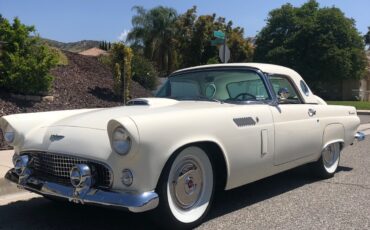 Ford-Thunderbird-1956-Convertible-28
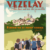 Pélerinage des mères de famille à Vézelay : du 9 au 11 juin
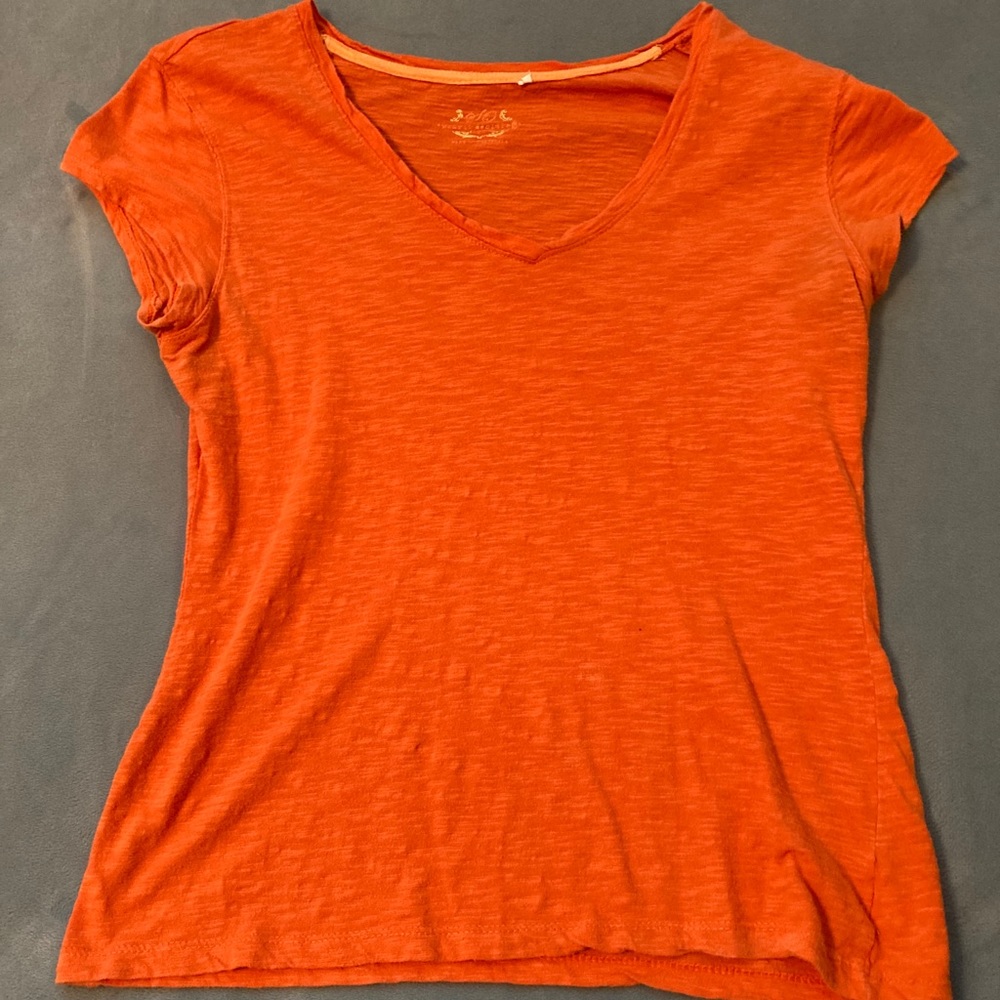 SO Shirt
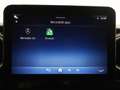 Mercedes-Benz Citan 112 CDI L2 Select Zilver - thumbnail 17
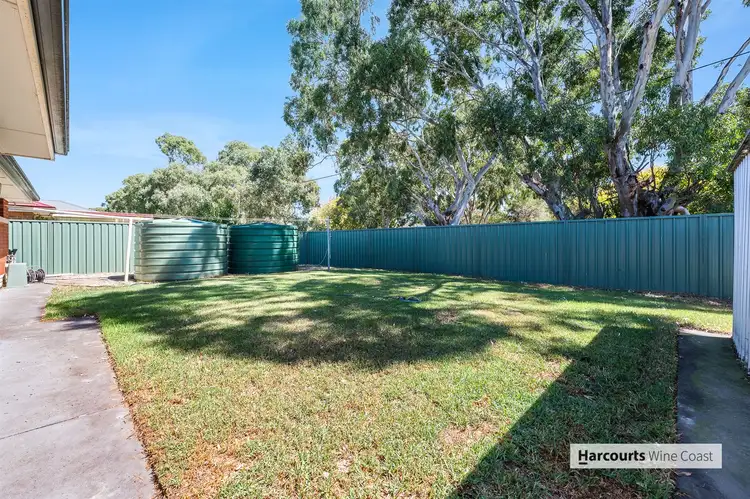 Fourth view of Homely house listing, 30 Verde Drive, Myponga SA 5202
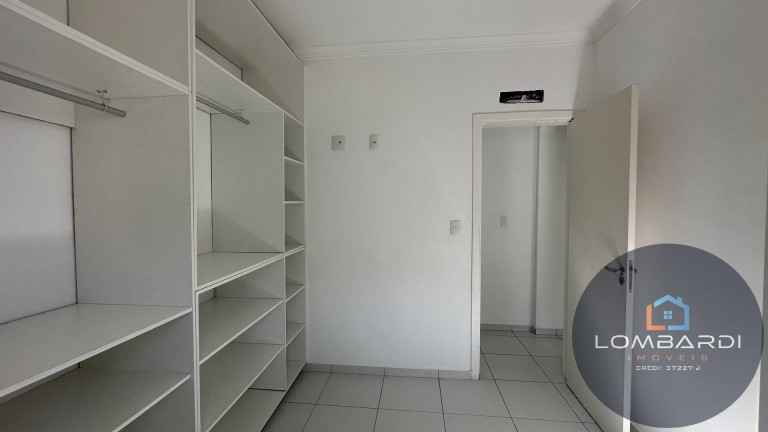 Imagem Apartamento com 3 Quartos à Venda, 130 m² em Praia Grande - Ubatuba Imagem Apartamento com 3 Quartos à Venda, 130 m² em Praia Grande - Ubatuba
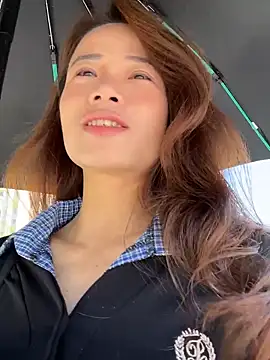 Mia-lp online show from 04/18/26, 01:31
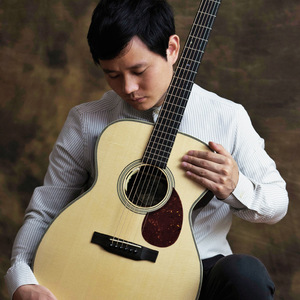 另类小说综合网
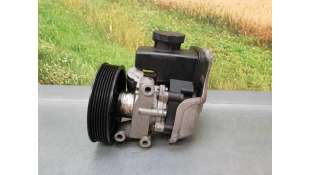 BOMBA DIRECCION MERCEDES CLASE CLK  COUPE 1.8 (163 CV) DE 2003 - D.4288382 / 0034664001 2
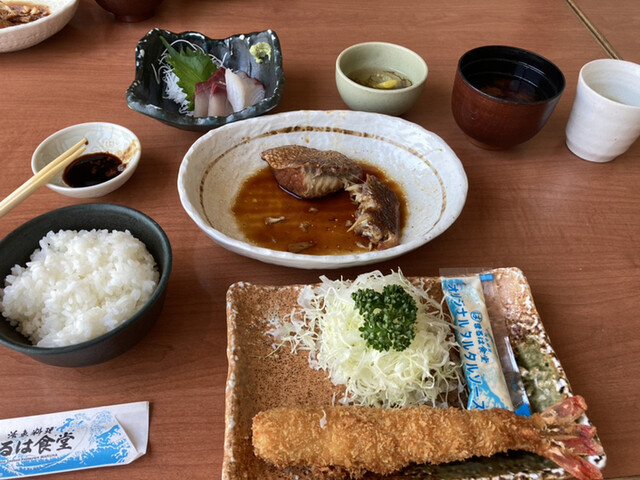 まるは食堂 りんくう常滑店 りんくう常滑 魚介料理 海鮮料理 食べログ まるは食堂 りんくう常滑店 りんくう常滑 魚介料理 海鮮料理 食べログ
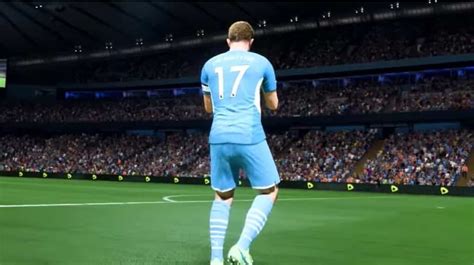 Fifa 22 Demo Release Date Features Teams And More Charlie Intel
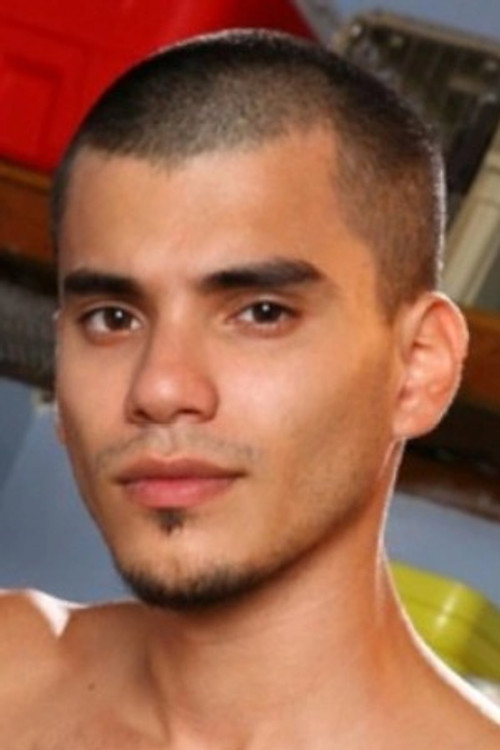 Photo of Richie Deville, Acting
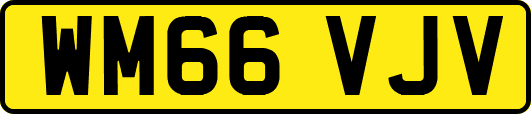 WM66VJV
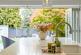 Additional image 20 of Ashley Gardens, Harpenden, Hertfordshire, AL5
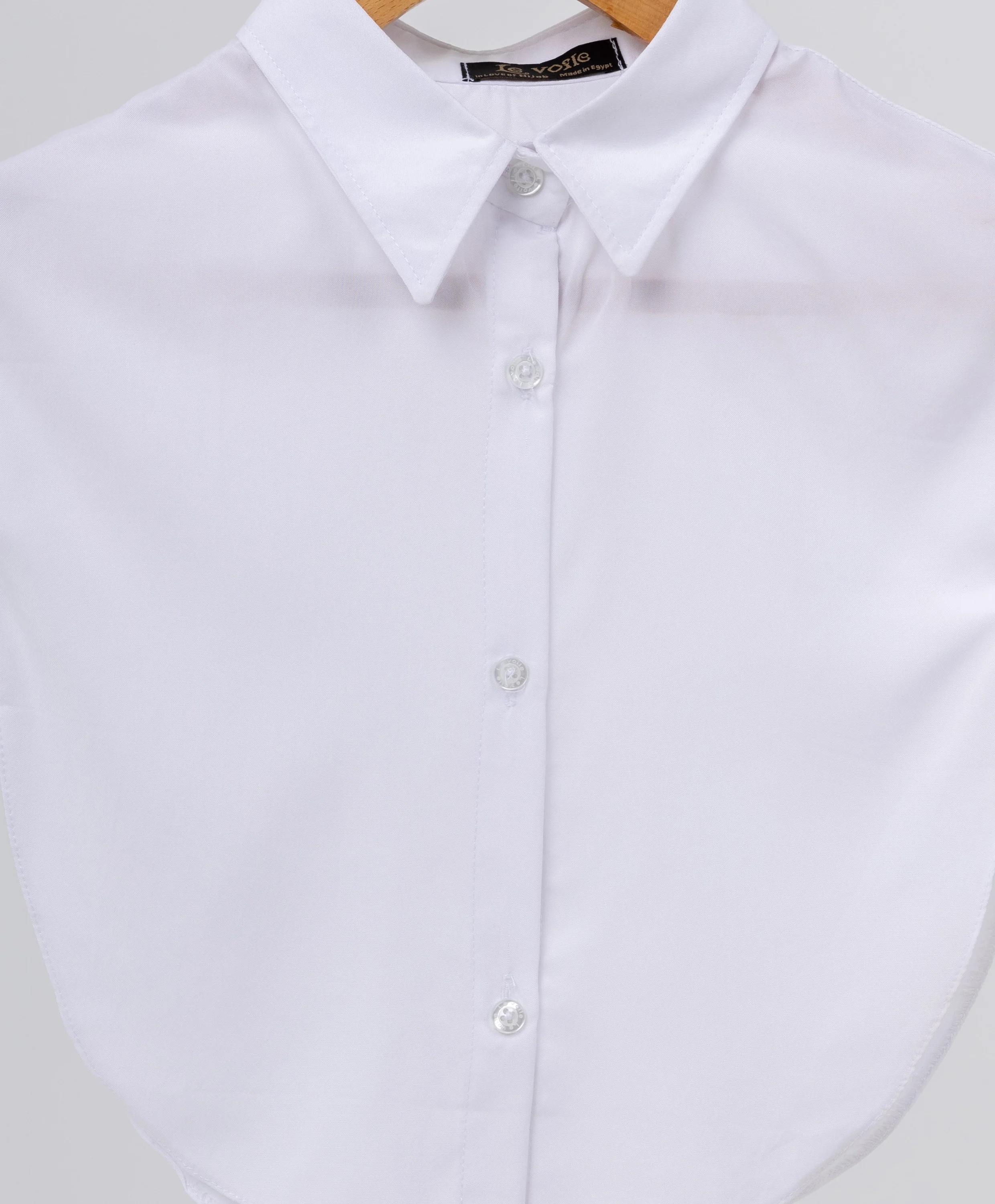 Chemise Collar - Image 3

—————

• _Directions_
Give every record back exactly as it reads, with no images.

• _Answer for the task_
 Ford-Thunderbird-1956-Convertible-28
 Pélerinage des mères de famille à Vézelay : du 9 au 11 juin
 SO Shirt
 Mercedes-Benz Citan 112 CDI L2 Select Zilver - thumbnail 17
 Fourth view of Homely house listing, 30 Verde Drive, Myponga SA 5202
 Imagem Apartamento com 3 Quartos à Venda, 130 m² em Praia Grande - Ubatuba Imagem Apartamento com 3 Quartos à Venda, 130 m² em Praia Grande - Ubatuba
 Mia-lp online show from 04/18/26, 01:31
 另类小说综合网
 BOMBA DIRECCION MERCEDES CLASE CLK  COUPE 1.8 (163 CV) DE 2003 - D.4288382 / 0034664001 2
 まるは食堂 りんくう常滑店 りんくう常滑 魚介料理 海鮮料理 食べログ まるは食堂 りんくう常滑店 りんくう常滑 魚介料理 海鮮料理 食べログ
 Fifa 22 Demo Release Date Features Teams And More Charlie Intel
 Photo of Richie Deville, Acting
 WM66VJV
 Additional image 20 of Ashley Gardens, Harpenden, Hertfordshire, AL5
 Chemise Collar - Image 3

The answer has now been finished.